ESCREVER SOBRE SHUTEN ORDER
Com receio, encaro a penosa tarefa de escrever uma análise sobre Shuten Order. Quando digo penosa tarefa, não é porque eu não tenha gostado do jogo — se me permitem pelo menos um pequeno único spoiler: na verdade, amei. É que estamos diante de um mistério recheado de enganos e misdirections, e a minha vontade é que, ao jogar, você se sinta tão desorientado quanto me senti. Me vejo, então, naquelas situações onde começo a contar uma fofoca para um amigo, porém logo me dou conta que não sei até que parte ele pode saber e, quando ele levanta um questionamento capaz de levar a conversa a esse terreno dúbio, recuo feito alguém que dá um pequeno tropeço ao andar para trás — e, com esse gesto tagarela, já confessei. Felizmente, aqui, você é leitor, não amigo; por isso posso dizer somente o necessário sem medo de réplicas inconvenientes. Mas, se for amigo (daqueles que confiam em mim, pelo menos), talvez o necessário já tenha sido dito com a palavra acima grifada em negrito e sinta-se livre para fechar a aba e deixar de ser leitor.

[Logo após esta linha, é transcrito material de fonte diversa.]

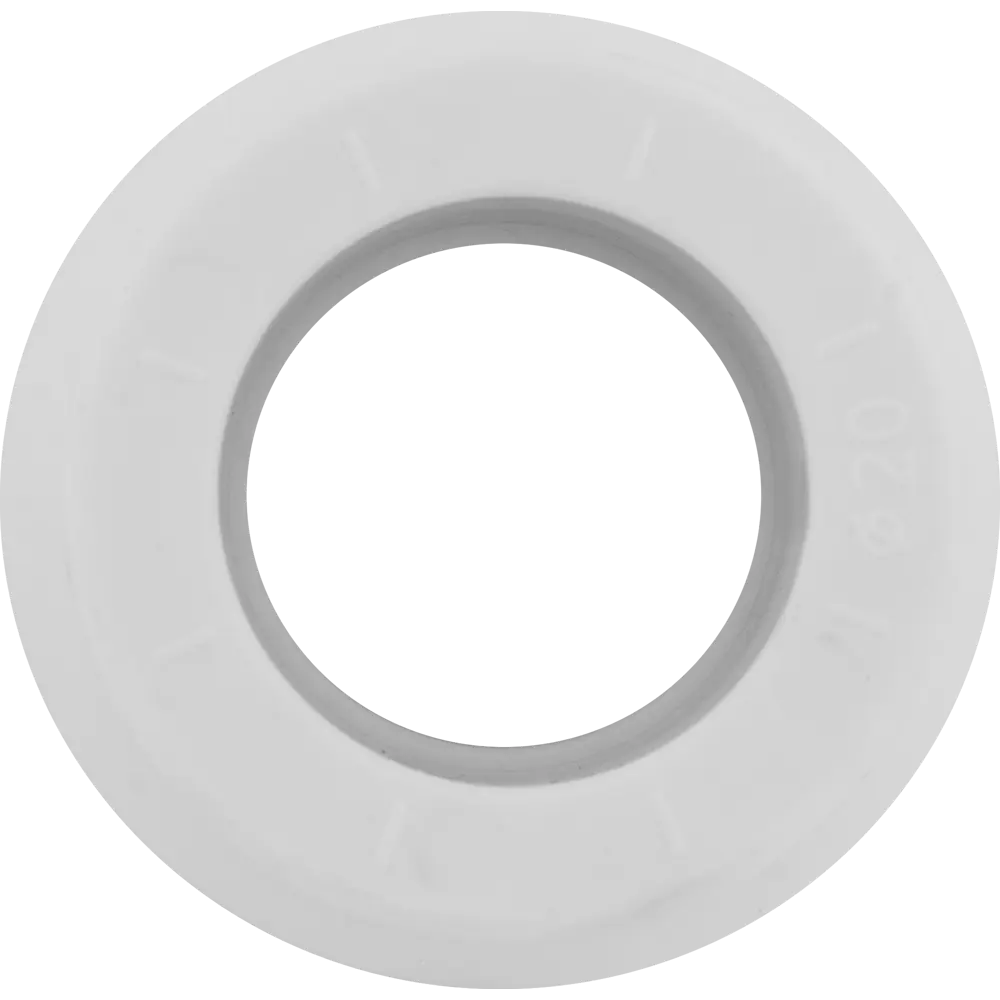 Переходная муфта ПОЛИТЭК 25x20 мм для трубопроводов 13563179 STLM-0003320 - Вид №1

Prossigamos: leitor, ou amigo que não confia em mim, ou amigo que confia até demais em mim ao ponto de crer que ler esse texto pode ajudar na sua experiência — e quarta personagem secreta que já jogou o jogo.
SOBRE KODAKA E NAKAZAWA
Shuten Order é uma visual novel desenvolvida pela Too Kyo Games em colaboração com a DMM Games e publicada no ocidente pela Spike Chunsoft. De anúncio repentino, os principais atrativos mencionados em seu anúncio foram o envolvimento de Kazutaka Kodada, criador da popular franquia Danganronpa, e a sua mescla de gêneros de videogame com cada rota tendo a própria identidade como se fossem cinco jogos diferentes. Um feito impressionante se considerarmos que Kodaka lançou The Hundred Line em abril desse mesmo ano, lotando diversos portais sobre “o jogo com 100 finais.”

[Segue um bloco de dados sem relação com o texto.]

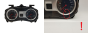 Contagiri Renault Clio 3 8200761861 M 59494
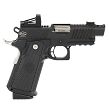Pistolet Bul SAS II ULTRA VIPER kal. 9x19mm - 4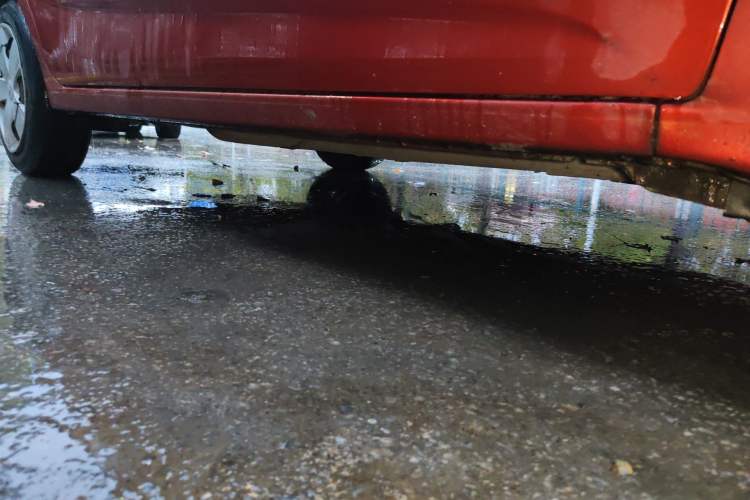 Used Chevrolet Aveo Sonic 2011 Sedan 1.4L MT SL Chassis Front Right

Agora lançado, dá para entender um pouco de como isso foi possível. Não, o jogo não é curto, nem de longe; posso até adiantar que para finalizar todas suas cinco rotas são precisas pelo menos 40 horas. Contudo, ao terminar e ir ao créditos, conseguimos ter noção de qual foi a extensão do envolvimento de Kodaka: muito semelhante com o caso de Kotaro Uchikoshi no recente No Sleep For Kaname Date, o escritor teve seu envolvimento principal no planejamento e supervisão da narrativa, com a diferença de que chegou a escrever alguns momentos da história. Assim, a maior parte do trabalho de escrita ficou por conta dos outros dois nomes anunciados: Takekuni Kitayama e Takumi Kanazawa — este último responsável também pela direção.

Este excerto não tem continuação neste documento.